I wrote the bulk of this book while hypomanic and in 3 weeks. Then it took 2 years to make it make sense. My sister is a huge help to me with editing. I am dyslexic. My spelling is awful. She reads almost everything before I send it out. But none of the characters are based on her, really.
MJ: Did you involve your family in the process of writing and editing? Discuss it with them at all?
JRH: Yes. When I write about my kids, I always read them the parts about them and ask permission, even if it is fictional. My older kids are very private so there is much less about them in my writing. Sammy loves me to write about her. I wrote an article about her transition that went viral and then was purchased by a textbook company and she loves it.
My husband will listen to me read aloud, which is a big part of my editing process.
He’s also nothing like Jake. He’s more like Noah.
MJ: What would you want your readers to take away most from the book?
JRH: Mental illness is just like any other illness. It isn’t a moral failing or something to feel ashamed of. People with mental illness can do anything if they get support. My daughter wants to be the first transgender bipolar woman in space. As long as she takes her meds, I’m good with that.
MJ: Max’s suicide attempt is a shocking early moment.

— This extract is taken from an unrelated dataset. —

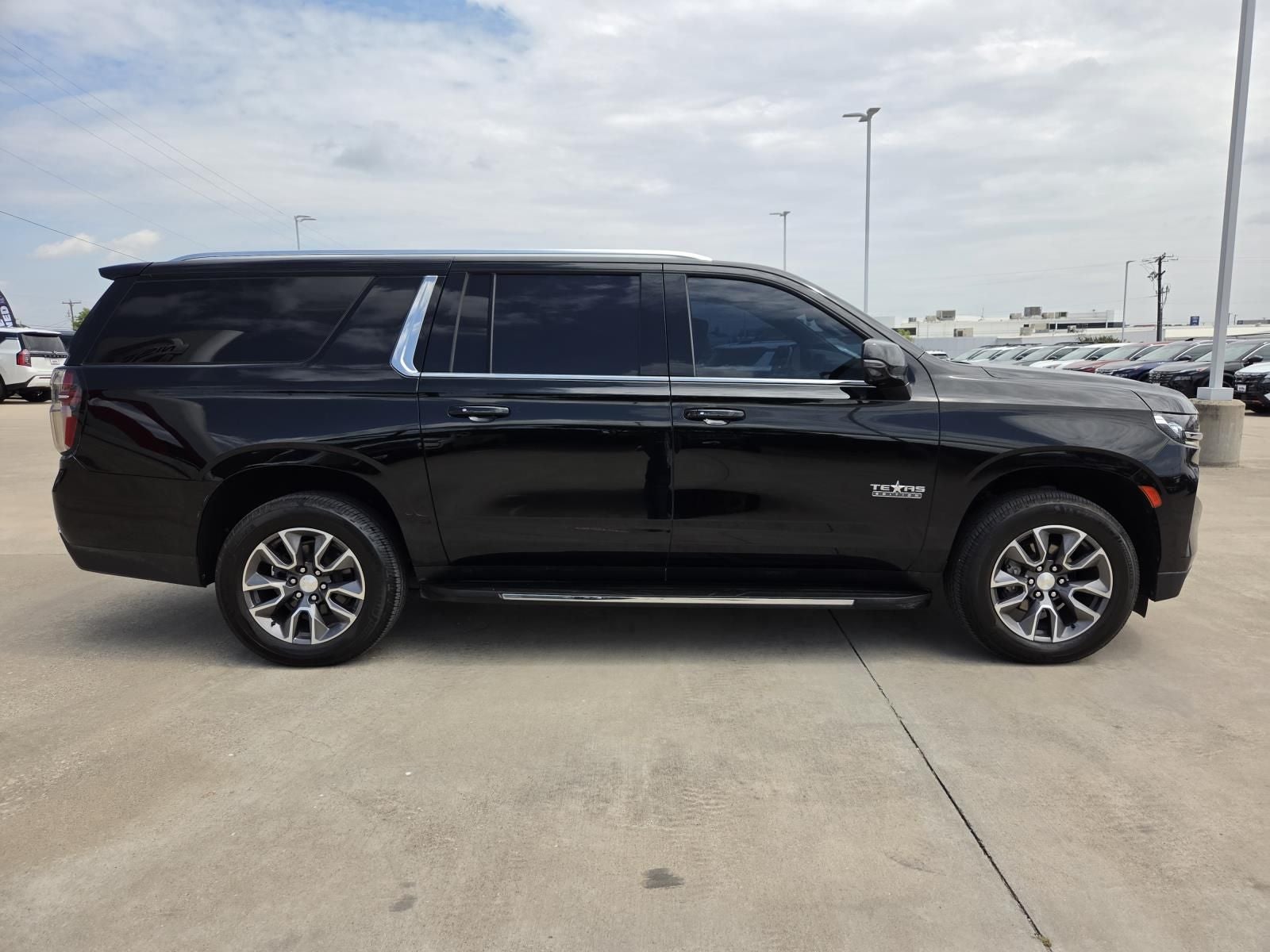 2023 Chevrolet Suburban LT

JRH: Max’s suicide attempt is very shocking because he gets very angry over what many adults probably see as nothing. But when you have bipolar disorder, sounds and textures and tastes can be amplified, especially in children. We tend to dismiss how difficult the world is for children and idealize childhood as this great time when we had no bills. But the reality is that children have little say in their lives. If someone is irritating an adult, they can walk away. Children often can’t. So in the scene with Max’s suicide attempt, we see all the “small” things that build up to his explosive and impulsive decision to attempt suicide. I think from Max’s perspective; it makes a certain amount of sense. The world is very overwhelming and unfair in his eyes.